---------- INPUT DATA ----------
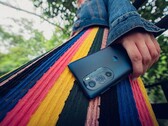 Motorola non ha ancora finito con la serie Edge 30. (Fonte: Motorola)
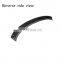 RD Rear Trunk Spoiler Carbon Fiber for BMW F34 Spoiler GT Car Western Style Series Automobile Material Decoration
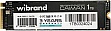  SSD M.2 2280 1TB Caiman Wibrand (WIM.2SSD/CA1TB)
----------
WHAT IS REQUIRED: No pictures should appear in the copy. Print exactly the lines above from the line containing "RD Rear Trunk" through the last line of the data.

ANSWER SECTION:
 RD Rear Trunk Spoiler Carbon Fiber for BMW F34 Spoiler GT Car Western Style Series Automobile Material Decoration
  SSD M.2 2280 1TB Caiman Wibrand (WIM.2SSD/CA1TB)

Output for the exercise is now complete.